Hi everyone!
I am currently writing a post comparing my new parser-combinator library, marser with nom and chumsky. In this post I am comparing code written using the three libraries on concrete example grammars.
Before I share this post I want to make sure that the comparison is fair and that the code I have written in chumsky and nom is idiomatic. I would really appreciate it if someone could look over the code I have written for nom and chumsky and tell me if its ok or I have used these libraries wrong somehow.
You can also see the code here. I have used AI to try and help me make the code more idiomatic, the post is written completely by me though.
Any general feedback about the post is also very welcome!
The question that spins in my head is what is the purpose of the work.
I looked at the code briefly, and it looks like an attempt to reimplement chumsky+ariadne from scratch, but with some weird decisions with unsafe blocks. The parsing-combinators library probably could be written entirely in safe space without the loss of performance. If the perfomance was a goal, comparison benchmark tests would be more appropriate.
Also, I don't see anything innovative, that you cannot do with already existing nom, except that it suggests to use macro rules instead of normal combinator-functions. Macros, in general, slow down compilation time, and make the end codebase lesser transparent.
I know that PEGs are popular, but most of the time we are parsing simple recursive-descending LL(k) languages (often, just LL(1)) without the need of PEG predicates to resolve grammar ambiguities, but PEGs make the entire error-recovery process much more complex.
If it has been done entirely for the learning purposes, that makes sense, but why did you use artificial neural networks then?
Chumsky is better, but personally prefer manual parsing
Hi, thank you for taking the time to look at the post and write this response!
it looks like an attempt to reimplement chumsky+ariadne from scratch
Yes, but more just chumsky. In the post I have forgotten to mention that the rendering or errors is done using annotate-snippets which can be enabled with a feature. I have added the information to the post.
some weird decisions with unsafe blocks
I use unsafe to enable packrat-style caching of parser results which have different types by using type erasure. Sadly I cannot use dyn Any here because Any requires 'static and I want to allow for zero-copy parsing. If you have any suggestions on how to do this without unsafe, I am very open to suggestions. I have tried documenting here why i did this: marser/src/cache.rs at main · ArneCode/marser · GitHub
Also, I don't see anything innovative, that you cannot do with already existing nom, except that it suggests to use macro rules instead of normal combinator-functions.
That is hard hard to argue with because what is innovative is of course subjective. Here are some reasons why I think marser adds something new:
- In other parser combinator libraries you will often need to restructure your grammar or add code to ignore certain values but keep others. Marser tries to make you able to write code that is pretty similar to grammars and add the construction of result values seperately with capture!(grammar_with_binds => result). I think this makes parser code simpler to read and reason about, because it is only grammar, but I am of course biased. Other libraries like peg have done something similar but I think they have less separation between grammar and ast construction and have a lot more macro syntax which as you mentioned makes the code base less transparent
- Marser has a TUI that allows you to debug your parsers, which i think is pretty useful, you can see a screenshot below, left side is parser source code, right side is the file being parsed.
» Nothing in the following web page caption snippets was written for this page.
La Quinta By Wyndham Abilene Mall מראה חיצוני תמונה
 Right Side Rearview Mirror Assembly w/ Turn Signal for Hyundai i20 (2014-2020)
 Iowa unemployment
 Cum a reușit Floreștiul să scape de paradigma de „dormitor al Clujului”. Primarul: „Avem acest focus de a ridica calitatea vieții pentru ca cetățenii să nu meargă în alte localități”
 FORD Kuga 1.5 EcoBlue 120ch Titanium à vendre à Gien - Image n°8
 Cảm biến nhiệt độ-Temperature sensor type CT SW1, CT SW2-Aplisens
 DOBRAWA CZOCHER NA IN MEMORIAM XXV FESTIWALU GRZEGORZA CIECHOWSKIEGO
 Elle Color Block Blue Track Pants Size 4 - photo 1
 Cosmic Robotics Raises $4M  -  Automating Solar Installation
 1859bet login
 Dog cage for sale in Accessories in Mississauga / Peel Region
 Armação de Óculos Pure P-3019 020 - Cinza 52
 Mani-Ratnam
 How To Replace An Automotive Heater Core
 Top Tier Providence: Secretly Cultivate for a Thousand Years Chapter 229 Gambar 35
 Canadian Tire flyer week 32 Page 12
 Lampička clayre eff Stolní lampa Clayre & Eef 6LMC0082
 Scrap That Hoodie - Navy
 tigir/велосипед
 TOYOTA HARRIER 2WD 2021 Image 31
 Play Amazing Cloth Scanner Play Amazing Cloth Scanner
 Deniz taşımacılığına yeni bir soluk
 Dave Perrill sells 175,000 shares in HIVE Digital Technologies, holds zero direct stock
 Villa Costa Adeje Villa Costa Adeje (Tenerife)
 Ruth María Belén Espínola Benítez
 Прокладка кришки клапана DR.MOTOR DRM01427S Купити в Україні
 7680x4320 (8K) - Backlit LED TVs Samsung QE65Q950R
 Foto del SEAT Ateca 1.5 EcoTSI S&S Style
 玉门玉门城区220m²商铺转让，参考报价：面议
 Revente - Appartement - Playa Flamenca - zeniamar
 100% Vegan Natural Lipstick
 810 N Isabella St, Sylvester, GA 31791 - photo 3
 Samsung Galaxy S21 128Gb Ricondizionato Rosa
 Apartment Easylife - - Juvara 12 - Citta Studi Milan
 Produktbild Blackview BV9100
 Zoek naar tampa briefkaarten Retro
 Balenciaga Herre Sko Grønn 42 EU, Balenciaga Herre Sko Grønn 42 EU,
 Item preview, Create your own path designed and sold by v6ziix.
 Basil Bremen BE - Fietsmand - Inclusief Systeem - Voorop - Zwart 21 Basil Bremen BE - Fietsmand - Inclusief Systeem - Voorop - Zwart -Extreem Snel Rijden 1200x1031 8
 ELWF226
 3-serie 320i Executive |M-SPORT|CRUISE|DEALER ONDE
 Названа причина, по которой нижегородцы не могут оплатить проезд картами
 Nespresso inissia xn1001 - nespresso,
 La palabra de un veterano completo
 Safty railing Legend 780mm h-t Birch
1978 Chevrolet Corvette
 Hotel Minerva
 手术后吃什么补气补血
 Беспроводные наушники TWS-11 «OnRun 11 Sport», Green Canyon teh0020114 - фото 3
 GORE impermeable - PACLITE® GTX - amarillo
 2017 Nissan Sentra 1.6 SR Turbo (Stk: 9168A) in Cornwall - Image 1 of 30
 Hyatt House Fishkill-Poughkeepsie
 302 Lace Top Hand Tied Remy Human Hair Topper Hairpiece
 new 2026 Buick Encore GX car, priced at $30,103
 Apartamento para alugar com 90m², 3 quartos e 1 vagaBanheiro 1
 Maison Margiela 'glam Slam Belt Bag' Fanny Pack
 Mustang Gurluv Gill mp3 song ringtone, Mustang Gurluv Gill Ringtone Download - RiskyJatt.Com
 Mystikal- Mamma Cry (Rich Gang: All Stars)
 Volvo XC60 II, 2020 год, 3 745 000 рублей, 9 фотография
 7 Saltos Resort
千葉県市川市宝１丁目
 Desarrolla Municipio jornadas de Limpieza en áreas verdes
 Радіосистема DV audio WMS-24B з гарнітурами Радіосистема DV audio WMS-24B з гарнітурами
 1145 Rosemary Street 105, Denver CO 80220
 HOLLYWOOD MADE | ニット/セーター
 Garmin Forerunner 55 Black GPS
If it has been done entirely for the learning purposes, that makes sense, but why did you use artificial neural networks then?
I have written the core parsing code myself and then used AI for things like this TUI, documentation and docstrings and also for enabling of rendering the error messages using annotate-snippets. Also some macro code. So basically parts that AI can do pretty well and that didnt interest me as much. I have learned a lot while writing the parsing logic, so for that alone I think this project has been worth it.
Sorry for the double response btw, I hit shift enter which on most platforms just adds a new line but here seems to send the reply 
Well, if the parser uses memoization, it is not zero-allocated anyway. I recommend using simple index-based arenas such as slab or slotmap, or something similar. It's much easier to reason in terms of indexes in already preallocated memory when you are working with graphs, and removes the majority of unsafe bloat from the code.
thats true, but there is a difference between zero copy parsing and zero allocation. This article defines zero copy parsing like this:
A zero-copy parser is a piece of code that can transform the received data into its structured form, without having to copy its contents into new buffers during this procedure.
Lets say you want to parse an identifier like a variable name, you could either parse it into an owned String by copying from the input, or you could return a reference to the input as &str and not have to copy. The second option will be faster and use less memory which is why it is usually preferred.
The reason that I think I need unsafe code is that I need an index-based container that can store values of different types. As far as I can see slab / slotmap only allow for storage of one type. There are libraries that provide storage of different types but they require that the types are 'static. This means that the values cannot borrow from the input and thus zero-copy parsing is not possible
.
I have thought about adding arena allocation or something similar in the past, but when profiling the library it looked like only about 15% of the time was spent allocating so speed wise it did not seem worth it for me. Maybe in the future though.